To many observers, however, the watchdog's public report raised almost as many questions as it answered: Does Mr. Zubaydah's waterboarding constitute torture in the eyes of CSIS? Will CSIS and federal lawyers continue to use his evidence? Does CSIS encourage torture by using information from mistreated suspects like Mr. Zubaydah? Alex Neve, secretary general of Amnesty International Canada, said CSIS cannot claim to be concerned with human rights if it continues to use information drawn from tortured suspects.

"If those who torture find there is no market for the information they obtain under torture, that perhaps becomes one small piece of eradicating torture. But when they find a ready audience of intelligence officials, diplomats and military authorities willing to receive that information, and make use of it, then of course they're going to continue." CSIS spokeswoman Manon Bérubé noted that agency director Jim Judd has denounced torture as "morally repugnant." "CSIS does not knowingly use information which may have been obtained through torture," she insisted.

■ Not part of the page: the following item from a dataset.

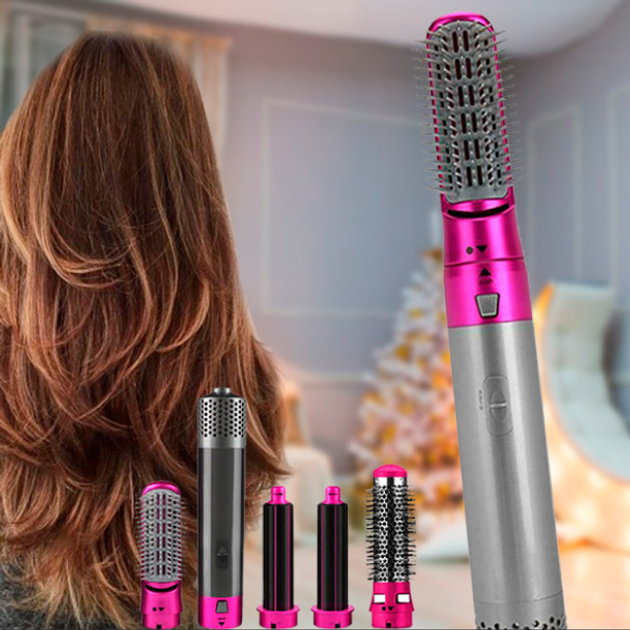 Стайлер 5в1 HAIR BRUSH Styler мультистайлер Фен-щетка-браш для укладки волос и придания объема - изображение 4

CSIS has used information from Mr. Zubaydah against both Mr. Harkat and Montreal terror suspect Adil Charkaoui, both of whom are about to begin new hearings on the merits of their security certificates.

The Supreme Court ruled last year that the process used in their previous hearings was fundamentally unjust.

Mr. Neve contends the government cannot again rely on the "tainted" Zubaydah evidence because it was obtained through waterboarding, a practice that clearly fits within the treaty definition of torture.

So if CSIS has dropped the statements obtained through CIA-sponsored torture, they've done so extremely quietly. A baby step in the right direction?